1. Handelt es s sich in diesem Roman um das Lebens bekannten Males? 2. Handelt es s sich in diesem Gedicht um die Liebe? 3. Yeni Bir Romanda Neler Oluyor? 4. Wissenschaft Gehandelt'ten kısa bir özet mi istiyorsunuz? 5. Bu, Fachleuten'in bir parçası olarak bir Gespräch'ta mı? 6. Handelt es s sich in der Antwort des Professors um seinen neuen Artikel? 7. Albert Einstein ile bir film ve bir Leben ile aynı şey mi?
11. İfadenin içeriğine katılmadığınızı ifade edin ve parantez içindeki kelimeleri kullanarak ayrıntılı bir cevap verin. Cevaplarınızda Das stimmt nicht ifadesini kullanın.
Örnek: Bu nedenle Vortrag, bir Türk'ün bekannten Arztes'i haline geldi. Nasılsın? (das Leben und Wirken eines Schriftstellers) - Hayır, das stimmt nicht. Disem Vortrag handelt es sich um das Leben ve Wirken eines Schriftstellers.

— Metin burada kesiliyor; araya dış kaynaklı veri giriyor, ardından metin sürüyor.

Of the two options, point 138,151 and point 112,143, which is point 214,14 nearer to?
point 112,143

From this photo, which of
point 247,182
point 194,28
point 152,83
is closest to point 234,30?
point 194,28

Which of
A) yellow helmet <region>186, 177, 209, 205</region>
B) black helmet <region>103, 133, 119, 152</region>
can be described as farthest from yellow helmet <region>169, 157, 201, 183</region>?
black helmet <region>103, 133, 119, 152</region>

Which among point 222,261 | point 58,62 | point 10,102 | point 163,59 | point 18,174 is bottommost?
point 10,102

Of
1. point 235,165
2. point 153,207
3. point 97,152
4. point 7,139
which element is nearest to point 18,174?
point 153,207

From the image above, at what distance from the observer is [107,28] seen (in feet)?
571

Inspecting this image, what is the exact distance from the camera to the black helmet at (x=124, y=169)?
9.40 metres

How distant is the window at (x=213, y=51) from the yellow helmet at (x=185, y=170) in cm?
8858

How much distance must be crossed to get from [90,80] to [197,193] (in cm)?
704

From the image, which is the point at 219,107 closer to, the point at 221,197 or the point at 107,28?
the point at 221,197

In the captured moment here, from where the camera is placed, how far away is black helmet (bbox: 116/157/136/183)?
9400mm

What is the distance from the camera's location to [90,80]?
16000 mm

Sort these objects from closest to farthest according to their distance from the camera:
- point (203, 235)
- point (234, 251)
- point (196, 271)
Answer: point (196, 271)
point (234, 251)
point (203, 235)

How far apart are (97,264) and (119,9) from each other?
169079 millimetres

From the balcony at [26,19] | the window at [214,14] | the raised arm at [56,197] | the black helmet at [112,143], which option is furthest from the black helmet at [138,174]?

1. In dieser Vorlesung handelt es sich um die Geschichte Berlins. Nasılsın? (Geschichte Leipzigs) 2. Lektion'un yönetimi Humboldt Üniversitesi'nin aynısıdır. Nasılsın? (Friedrich-Schiller-Universität). 3. Im Text elt es um die Arbeit im Werk. Nasılsın? (freizeit) 4. Im Text, Lomonossow-Universität'taki Studium'la aynı yerde. Nasılsın? (Leipzig'deki Studium an der Universität'ta) 5. Im Text elt es um die Stadt Dresden. Nasılsın? (die Stadt Berlin) 6. Im Text elt es sich um das Studium der deutschen Sprache. Nasılsın? (das Studium der russischen Sprache) 7. Im Text handelt es sich um den Ruhetag eines Schülers. Nasılsın? (der Arbeitstag eines Fernstudenten)

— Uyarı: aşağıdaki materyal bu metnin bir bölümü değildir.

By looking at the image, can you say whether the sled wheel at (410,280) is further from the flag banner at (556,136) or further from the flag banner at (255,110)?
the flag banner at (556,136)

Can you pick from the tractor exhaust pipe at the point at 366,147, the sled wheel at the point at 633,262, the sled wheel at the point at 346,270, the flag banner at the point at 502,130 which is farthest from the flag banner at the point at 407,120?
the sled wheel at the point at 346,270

Almanca fiil kontrol egzersizlerinin anahtarları
4. Kinobesuch'um, Ausflug'um, an einem Gespräch, an dieser Arbeit, an der Reise nach Berlin, an diesem Fest, an einer Fahrt aufs Land
6. Das Kind, eski Gespräch der Eltern'e geri döndü. 2. Dresden'de bir fahrt mı arıyorsunuz? 3. Profesör Wolkow ve Profesör Steiner nehmen an dieser Arbeit auch teil. 4. Bir koro mesajı mı istiyorsunuz? 5. Die Einwohner dieser neuen Stadt nehmen an ihrem Aufbau teil. 6. BRD'nin Kısa Bir Özetinde Freunden'in En İyisiydi. Ne istediniz? - Natürlich, mit Vergnügen. 7. Nimm bitte morgen ve dem Ausflug aufs Land teil!

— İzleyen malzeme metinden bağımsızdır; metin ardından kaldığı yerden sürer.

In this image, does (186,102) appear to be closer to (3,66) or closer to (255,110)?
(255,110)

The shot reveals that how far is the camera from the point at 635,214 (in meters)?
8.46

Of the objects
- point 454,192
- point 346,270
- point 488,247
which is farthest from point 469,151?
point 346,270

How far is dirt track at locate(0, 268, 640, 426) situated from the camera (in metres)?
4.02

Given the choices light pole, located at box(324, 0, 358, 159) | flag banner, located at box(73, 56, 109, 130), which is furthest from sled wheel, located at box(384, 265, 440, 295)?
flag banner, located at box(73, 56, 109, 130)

9. 1. Warum hat sich diese Studentsin mit ihrer Frage ve unseren Professor nicht gewandt (gewendet)? 2. Bunu yapmak istiyorum. 3. Der Arzt wandte sich an den Kranken. 4. Besucher'ı seçin. 5. Bir sie'den vazgeçin. 6. Tochter, Mutter'ı bulmak istiyor. 7. Bir kolejde bulundunuz mu? 8. Der Lehrer hat sich an den Jungen gewandt. 9. Bitte, wenden Sie sich jetzt nicht an ihn!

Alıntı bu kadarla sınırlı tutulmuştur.